Kopfschüttelnd wandte sich Wendy an ihre Kollegen.
»Ich glaub, ich bin reif für eine Kur«, stöhnte sie und sank unter dem Gelächter ihrer Mitarbeiter auf ihren Schreibtischstuhl.
*
Wie jeden Vormittag machte Mario Cornelius auch an diesem Tag einen Abstecher in die Bäckerei seiner Verlobten Marianne. Doch anders als sonst begrüßte sie ihn nicht mit fröhlicher Miene und einem frechen Spruch auf den Lippen. Ganz im Gegenteil servierte sie ihm sichtlich deprimiert ein Stück Apfelkuchen zum Kaffee.

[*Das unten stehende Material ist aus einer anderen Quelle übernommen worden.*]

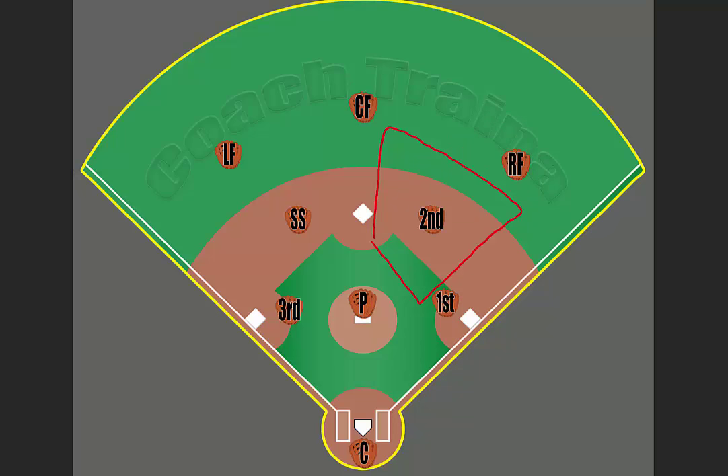If the ball is not hit to the right fielder but hit to the center fielder or the left fielder anywhere, the second baseman needs to rotate to second base and assist the shortstop into getting into proper position — saying 'glove side' to move to the left, 'hand side' to move to the right. If the ball is hit to the left fielder or center fielder, the second baseman's job is to get the shortstop into position in order to have a successful relay or cutoff situation.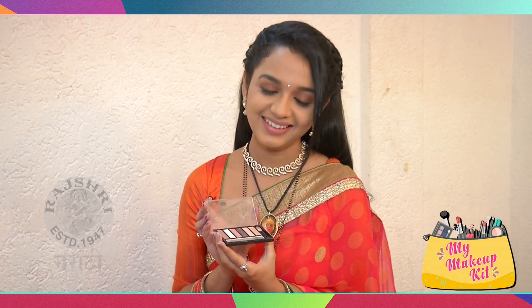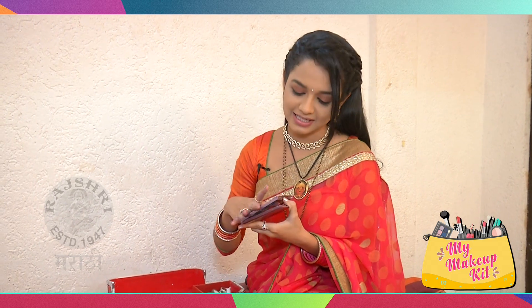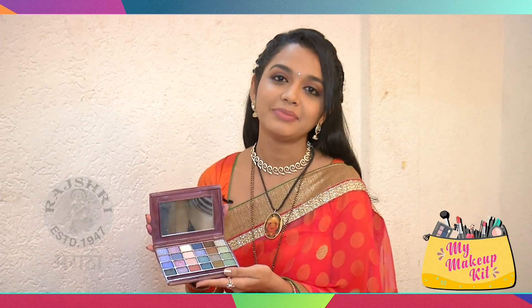I use this whenever I do a certain event — it's for a western look. It's a dark shade.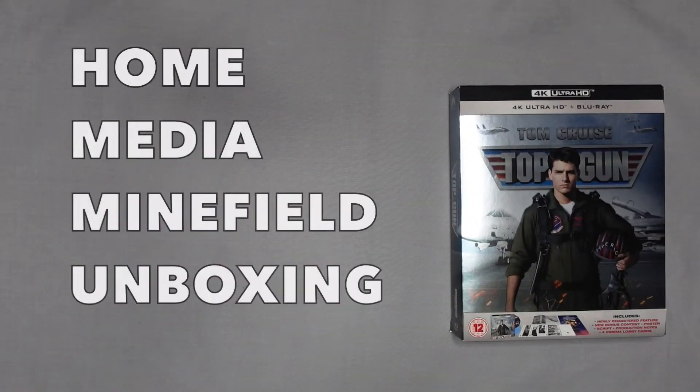Hello, this is Keith and welcome to Home Media Minefield Unboxing, helping you with information to navigate the complexities of home cinema and home media entertainment. In today's episode, I feel the need — the need for speed!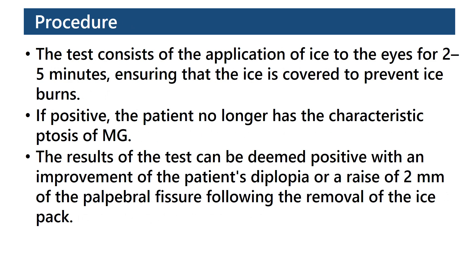Procedure. The test consists of the application of ice for 2–5 minutes, ensuring that the ice is covered to prevent ice burn.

»Mein Auftritt vor Holzmann war dermaßen peinlich, das kannst du dir nicht vorstellen. Dabei war ich felsenfest davon überzeugt, die Rechnung bezahlt zu haben.« Sie blieb vor ihm stehen und schüttelte den Kopf. »So was passiert mir doch sonst nicht.« Nachdem sie den Teller vor ihm abgestellt hatte, zückte sie einen feuchten Lappen, um über die drei übrigen Tische zu wischen, die sie für Gäste in einer Ecke des kleinen Verkaufsraums aufgestellt hatte.
In erster Linie versorgte Marianne die Kurklinik mit Kuchen, Gebäck und Torten. Nebenbei frönte sie ihrer großen Leidenschaft, der Tortenkunst. Nach Kundenwunsch zauberte sie fantasievolle Motivtorten in allen erdenklichen Farben und Formen. Vom Prinzessinnenschloss bis zu originalgetreuen Porträts der Beschenkten war nichts unmöglich. Doch selbst für ihre aktuelle Bestellung – eine Tennisschläger-Torte für einen jungen Patienten – hatte sie im Augenblick keinen Sinn. »Ich weiß gar nicht, was mit mir los ist.«
Mario steckte eine Gabel voll Apfelkuchen in den Mund. Genüsslich schloss er die Augen.
»Wenn ich fett werde, bist nur du dran schuld.« Er seufzte, ein Lächeln auf dem Gesicht. »Und was deine Vergesslichkeit momentan angeht: Ich denke schon, dass du weißt, woran’s liegt.«
Marianne trocknete den letzten Tisch, ehe sie zu ihrem Verlobten zurückkehrte.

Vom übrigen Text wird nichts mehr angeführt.